§ **Exercise**
A verbatim reproduction of every entry is the expected answer.

§ **Supplied material**
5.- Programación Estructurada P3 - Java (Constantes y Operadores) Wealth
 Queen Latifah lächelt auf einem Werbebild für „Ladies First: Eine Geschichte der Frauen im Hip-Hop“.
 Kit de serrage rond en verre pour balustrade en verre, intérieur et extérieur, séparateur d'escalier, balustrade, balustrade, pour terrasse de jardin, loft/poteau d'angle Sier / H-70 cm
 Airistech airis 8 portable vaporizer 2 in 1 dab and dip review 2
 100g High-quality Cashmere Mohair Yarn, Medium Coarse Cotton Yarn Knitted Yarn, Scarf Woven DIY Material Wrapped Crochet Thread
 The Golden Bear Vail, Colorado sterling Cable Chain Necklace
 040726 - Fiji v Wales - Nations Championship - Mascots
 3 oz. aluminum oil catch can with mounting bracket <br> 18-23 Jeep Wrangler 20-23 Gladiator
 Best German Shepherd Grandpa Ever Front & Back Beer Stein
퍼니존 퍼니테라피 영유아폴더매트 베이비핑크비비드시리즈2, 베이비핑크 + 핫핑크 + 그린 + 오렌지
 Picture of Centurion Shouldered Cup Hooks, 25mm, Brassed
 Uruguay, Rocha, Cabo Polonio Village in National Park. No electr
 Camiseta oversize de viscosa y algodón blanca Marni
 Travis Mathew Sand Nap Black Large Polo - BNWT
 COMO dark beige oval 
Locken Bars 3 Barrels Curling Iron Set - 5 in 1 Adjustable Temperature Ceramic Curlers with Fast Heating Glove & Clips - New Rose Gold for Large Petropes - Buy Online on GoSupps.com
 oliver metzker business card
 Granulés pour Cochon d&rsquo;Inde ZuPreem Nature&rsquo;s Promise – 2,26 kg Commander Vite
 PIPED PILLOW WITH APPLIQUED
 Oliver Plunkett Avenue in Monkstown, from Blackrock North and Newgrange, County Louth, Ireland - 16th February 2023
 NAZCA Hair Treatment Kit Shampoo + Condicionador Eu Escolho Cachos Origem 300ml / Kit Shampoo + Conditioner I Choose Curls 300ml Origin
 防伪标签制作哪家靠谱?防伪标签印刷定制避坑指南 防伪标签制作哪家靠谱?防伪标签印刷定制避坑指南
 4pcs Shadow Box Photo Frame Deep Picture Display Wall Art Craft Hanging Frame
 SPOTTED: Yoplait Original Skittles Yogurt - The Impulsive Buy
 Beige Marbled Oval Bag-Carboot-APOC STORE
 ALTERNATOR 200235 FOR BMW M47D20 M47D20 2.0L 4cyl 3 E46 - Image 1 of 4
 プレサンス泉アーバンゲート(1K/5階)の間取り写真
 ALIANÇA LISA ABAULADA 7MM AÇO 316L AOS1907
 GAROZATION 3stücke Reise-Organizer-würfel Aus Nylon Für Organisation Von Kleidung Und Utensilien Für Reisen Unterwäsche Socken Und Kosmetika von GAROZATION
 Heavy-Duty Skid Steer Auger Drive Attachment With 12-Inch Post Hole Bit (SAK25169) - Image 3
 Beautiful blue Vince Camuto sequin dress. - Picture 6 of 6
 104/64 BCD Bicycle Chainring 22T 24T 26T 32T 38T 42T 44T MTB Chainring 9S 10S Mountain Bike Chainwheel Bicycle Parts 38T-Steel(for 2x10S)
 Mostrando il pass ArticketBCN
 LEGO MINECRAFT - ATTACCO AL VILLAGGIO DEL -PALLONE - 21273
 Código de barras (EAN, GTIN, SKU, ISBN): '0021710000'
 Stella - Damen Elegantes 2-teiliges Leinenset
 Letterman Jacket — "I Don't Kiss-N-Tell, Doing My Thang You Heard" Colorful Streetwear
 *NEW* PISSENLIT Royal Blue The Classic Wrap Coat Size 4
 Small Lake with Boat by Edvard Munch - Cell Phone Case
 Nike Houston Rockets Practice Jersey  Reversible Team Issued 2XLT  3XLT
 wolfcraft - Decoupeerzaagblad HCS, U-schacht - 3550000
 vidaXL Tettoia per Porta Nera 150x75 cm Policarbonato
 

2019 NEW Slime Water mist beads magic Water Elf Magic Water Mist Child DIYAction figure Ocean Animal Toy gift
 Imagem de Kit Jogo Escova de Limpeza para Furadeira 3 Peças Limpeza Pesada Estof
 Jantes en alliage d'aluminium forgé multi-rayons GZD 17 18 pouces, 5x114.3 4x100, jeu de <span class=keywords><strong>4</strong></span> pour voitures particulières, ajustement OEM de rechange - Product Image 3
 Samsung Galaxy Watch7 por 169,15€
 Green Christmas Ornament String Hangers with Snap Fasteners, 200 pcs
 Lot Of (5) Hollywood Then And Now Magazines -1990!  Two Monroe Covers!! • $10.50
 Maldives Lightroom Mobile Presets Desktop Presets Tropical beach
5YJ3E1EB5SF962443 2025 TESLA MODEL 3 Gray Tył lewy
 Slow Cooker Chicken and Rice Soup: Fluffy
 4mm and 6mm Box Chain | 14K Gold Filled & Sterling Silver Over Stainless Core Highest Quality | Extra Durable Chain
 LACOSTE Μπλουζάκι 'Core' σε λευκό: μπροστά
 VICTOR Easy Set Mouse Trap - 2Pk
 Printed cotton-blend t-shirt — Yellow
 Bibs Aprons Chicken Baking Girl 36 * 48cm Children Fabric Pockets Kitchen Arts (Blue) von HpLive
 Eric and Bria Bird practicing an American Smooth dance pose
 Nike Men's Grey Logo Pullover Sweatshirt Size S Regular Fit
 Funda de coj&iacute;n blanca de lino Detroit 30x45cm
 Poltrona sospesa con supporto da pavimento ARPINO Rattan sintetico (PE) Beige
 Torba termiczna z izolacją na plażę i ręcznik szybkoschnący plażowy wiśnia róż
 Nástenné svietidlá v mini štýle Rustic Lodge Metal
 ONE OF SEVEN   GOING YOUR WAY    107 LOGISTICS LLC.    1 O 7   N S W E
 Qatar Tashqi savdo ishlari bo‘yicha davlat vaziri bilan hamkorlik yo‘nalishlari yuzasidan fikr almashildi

§ **Reply**
5.- Programación Estructurada P3 - Java (Constantes y Operadores) Wealth
 Queen Latifah lächelt auf einem Werbebild für „Ladies First: Eine Geschichte der Frauen im Hip-Hop“.
 Kit de serrage rond en verre pour balustrade en verre, intérieur et extérieur, séparateur d'escalier, balustrade, balustrade, pour terrasse de jardin, loft/poteau d'angle Sier / H-70 cm
 Airistech airis 8 portable vaporizer 2 in 1 dab and dip review 2
 100g High-quality Cashmere Mohair Yarn, Medium Coarse Cotton Yarn Knitted Yarn, Scarf Woven DIY Material Wrapped Crochet Thread
 The Golden Bear Vail, Colorado sterling Cable Chain Necklace
 040726 - Fiji v Wales - Nations Championship - Mascots
 3 oz. aluminum oil catch can with mounting bracket <br> 18-23 Jeep Wrangler 20-23 Gladiator
 Best German Shepherd Grandpa Ever Front & Back Beer Stein
퍼니존 퍼니테라피 영유아폴더매트 베이비핑크비비드시리즈2, 베이비핑크 + 핫핑크 + 그린 + 오렌지
 Picture of Centurion Shouldered Cup Hooks, 25mm, Brassed
 Uruguay, Rocha, Cabo Polonio Village in National Park. No electr
 Camiseta oversize de viscosa y algodón blanca Marni
 Travis Mathew Sand Nap Black Large Polo - BNWT
 COMO dark beige oval 
Locken Bars 3 Barrels Curling Iron Set - 5 in 1 Adjustable Temperature Ceramic Curlers with Fast Heating Glove & Clips - New Rose Gold for Large Petropes - Buy Online on GoSupps.com
 oliver metzker business card
 Granulés pour Cochon d&rsquo;Inde ZuPreem Nature&rsquo;s Promise – 2,26 kg Commander Vite
 PIPED PILLOW WITH APPLIQUED
 Oliver Plunkett Avenue in Monkstown, from Blackrock North and Newgrange, County Louth, Ireland - 16th February 2023
 NAZCA Hair Treatment Kit Shampoo + Condicionador Eu Escolho Cachos Origem 300ml / Kit Shampoo + Conditioner I Choose Curls 300ml Origin
 防伪标签制作哪家靠谱?防伪标签印刷定制避坑指南 防伪标签制作哪家靠谱?防伪标签印刷定制避坑指南
 4pcs Shadow Box Photo Frame Deep Picture Display Wall Art Craft Hanging Frame
 SPOTTED: Yoplait Original Skittles Yogurt - The Impulsive Buy
 Beige Marbled Oval Bag-Carboot-APOC STORE
 ALTERNATOR 200235 FOR BMW M47D20 M47D20 2.0L 4cyl 3 E46 - Image 1 of 4
 プレサンス泉アーバンゲート(1K/5階)の間取り写真
 ALIANÇA LISA ABAULADA 7MM AÇO 316L AOS1907
 GAROZATION 3stücke Reise-Organizer-würfel Aus Nylon Für Organisation Von Kleidung Und Utensilien Für Reisen Unterwäsche Socken Und Kosmetika von GAROZATION
 Heavy-Duty Skid Steer Auger Drive Attachment With 12-Inch Post Hole Bit (SAK25169) - Image 3
 Beautiful blue Vince Camuto sequin dress. - Picture 6 of 6
 104/64 BCD Bicycle Chainring 22T 24T 26T 32T 38T 42T 44T MTB Chainring 9S 10S Mountain Bike Chainwheel Bicycle Parts 38T-Steel(for 2x10S)
 Mostrando il pass ArticketBCN
 LEGO MINECRAFT - ATTACCO AL VILLAGGIO DEL -PALLONE - 21273
 Código de barras (EAN, GTIN, SKU, ISBN): '0021710000'
 Stella - Damen Elegantes 2-teiliges Leinenset
 Letterman Jacket — "I Don't Kiss-N-Tell, Doing My Thang You Heard" Colorful Streetwear
 *NEW* PISSENLIT Royal Blue The Classic Wrap Coat Size 4
 Small Lake with Boat by Edvard Munch - Cell Phone Case
 Nike Houston Rockets Practice Jersey  Reversible Team Issued 2XLT  3XLT
 wolfcraft - Decoupeerzaagblad HCS, U-schacht - 3550000
 vidaXL Tettoia per Porta Nera 150x75 cm Policarbonato
 

2019 NEW Slime Water mist beads magic Water Elf Magic Water Mist Child DIYAction figure Ocean Animal Toy gift
 Imagem de Kit Jogo Escova de Limpeza para Furadeira 3 Peças Limpeza Pesada Estof
 Jantes en alliage d'aluminium forgé multi-rayons GZD 17 18 pouces, 5x114.3 4x100, jeu de <span class=keywords><strong>4</strong></span> pour voitures particulières, ajustement OEM de rechange - Product Image 3
 Samsung Galaxy Watch7 por 169,15€
 Green Christmas Ornament String Hangers with Snap Fasteners, 200 pcs
 Lot Of (5) Hollywood Then And Now Magazines -1990!  Two Monroe Covers!! • $10.50
 Maldives Lightroom Mobile Presets Desktop Presets Tropical beach
5YJ3E1EB5SF962443 2025 TESLA MODEL 3 Gray Tył lewy
 Slow Cooker Chicken and Rice Soup: Fluffy
 4mm and 6mm Box Chain | 14K Gold Filled & Sterling Silver Over Stainless Core Highest Quality | Extra Durable Chain
 LACOSTE Μπλουζάκι 'Core' σε λευκό: μπροστά
 VICTOR Easy Set Mouse Trap - 2Pk
 Printed cotton-blend t-shirt — Yellow
 Bibs Aprons Chicken Baking Girl 36 * 48cm Children Fabric Pockets Kitchen Arts (Blue) von HpLive
 Eric and Bria Bird practicing an American Smooth dance pose
 Nike Men's Grey Logo Pullover Sweatshirt Size S Regular Fit
 Funda de coj&iacute;n blanca de lino Detroit 30x45cm
 Poltrona sospesa con supporto da pavimento ARPINO Rattan sintetico (PE) Beige
 Torba termiczna z izolacją na plażę i ręcznik szybkoschnący plażowy wiśnia róż
 Nástenné svietidlá v mini štýle Rustic Lodge Metal
 ONE OF SEVEN   GOING YOUR WAY    107 LOGISTICS LLC.    1 O 7   N S W E
 Qatar Tashqi savdo ishlari bo‘yicha davlat vaziri bilan hamkorlik yo‘nalishlari yuzasidan fikr almashildi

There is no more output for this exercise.